On November 2, 2008 I talked to my wife about the presidential contest. I knew who I wasn’t going to vote for, but I wasn’t sure who I was going to vote for. I had gone back and forth on whether or not I could actually bring myself to vote for John McCain. At that point I had convinced myself that it was the only thing to do, the only way to live with myself should Barack Obama get elected, something I was sure would happen. That night I told my wife, whose political consciousness only skims the outer membrane of the political universe. Basically, like many Americans, she reads and listens to the headlines and takes them as gospel. She is, watch it now, I am about to coin a phrase, a “remote-control liberal.” She is someone who will flip through MSNBC or CNN, listen to the talking heads, soaks in their spin and skips on to a reality TV show. This is not to say my wife is not intelligent, to the contrary, she is very intelligent. She just doesn’t have the desire or the attention span (maybe whey we get along so well) to get immersed into politics. She has firm convictions, she just isn’t sure why.

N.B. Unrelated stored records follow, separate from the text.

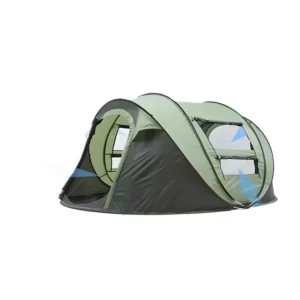 Custom OEM Pop-Up Camping Tent Two Bedroom Glamping Dome Geodesic Waterproof Rain Proof Tent Easy to Install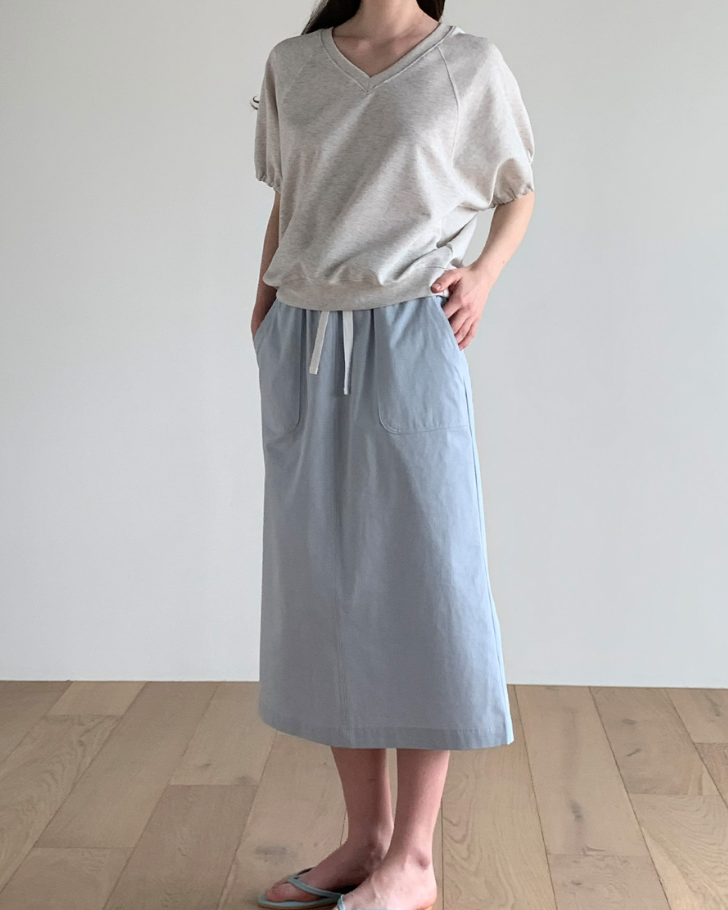V neck sweatshirt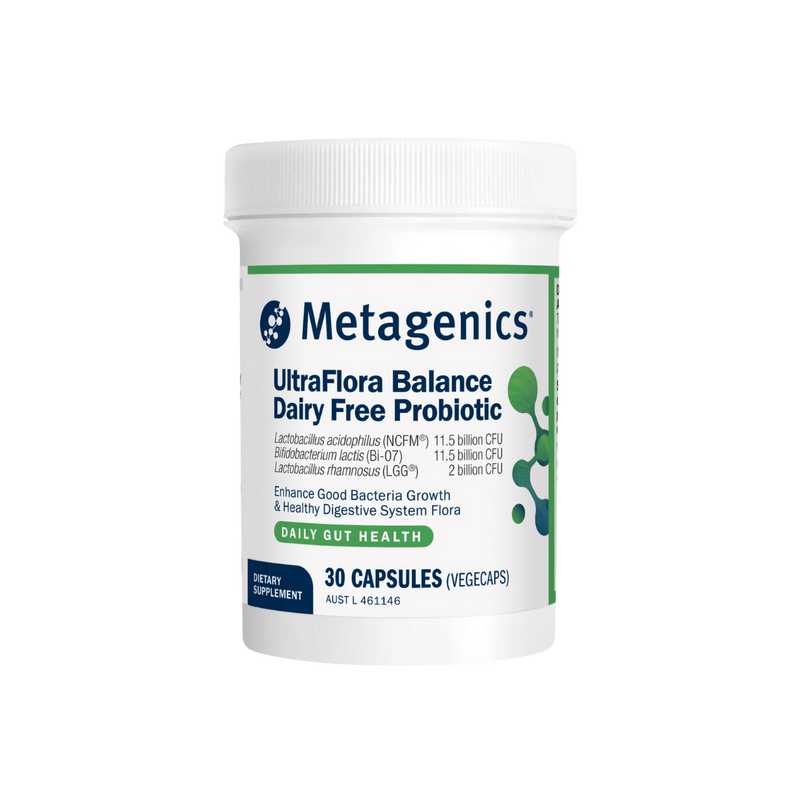 A supplement called UltraFlora Balance Dairy Free Probiotic.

So back to election eve 2008. I was discussing the vote with my wife, actually I was begging her to not vote for Obama. I told her I was scared of what would happen if he was elected. I told her that I wasn’t necessarily scared of what he might do, rather, I was scared of what he would allow Congress to do. Little did I know what lied beneath. I was worried about tax increases and a continuing poor economy. I was either ignorant of the true horror about to unfold or not bright enough to foresee it. Either way, I failed in my attempt to sway her.

Of course back in the present day, we now have people in power who think that common Americans who oppose this administration’s health care plan are: un-American, too well dressed to be real, Nazis, astro-turfers, tea-baggers, political terrorist, racists and the like. Yes, common every day Americans like you (not like me because I don’t have the political gumption to get out and protest like these honorable Americans) are attacked. Mind you, these attacks are not coming from the extreme left wing mouths on radio, tv and the internet, ok, well, not just from those locations. This is coming from the leaders of the Democratic Party. Its one thing for the likes of Ann Coulter or Sean Hanity (or myself for that matter) to call out protestors at anti-war demonstrators. It would be another thing for Mitch McConnell, John McCain or even Newt Gengrich to say things like that. Imagine the fake outrage that would have been coming from the cable news talking heads had Roy Blunt or Bill Frist said something like that about anti-war protestors when things were going really bad in Iraq.

Lets be honest, those two men and the other Republican leaders in Congress during the first two years of the second Bush term are really to blame here. They had the power and the political capital to reigned in and straighten up the Bush administration when it was going off of its wheels. They could have passed legislation that would have reigned in Fannie Mae and Freddie Mac. They could have passed Social Security reform. Rather than do things that would have bettered America, they wanted to ram through mis-guided immigration reform (we will use that term loosely) and get sucked into the pit of corruption the likes of which the Democrats could never have even dreamed of. That lead to the people ousting the Republicans in 2006 and installing Harry Reid and Nancy Peloci and a Democratically controlled Congress for the last two years of Bush’s presidency. This bring me to the highlight of Republican failure, well, at least since the 1992 presidential election. The two years prior to the 2008 election, Congress did nothing, nothing. Congress had approval ratings that were as low or lower than President Bush! Yet, somehow the Republican party could not muster up a fight and lost more seats in Congress and lost the White House to a first term Senator who has the governing experience equal to that of my Chihuahua. Is it any wonder that so many people like me who were Reagan Republicans are pissed because our party left us (pun intended).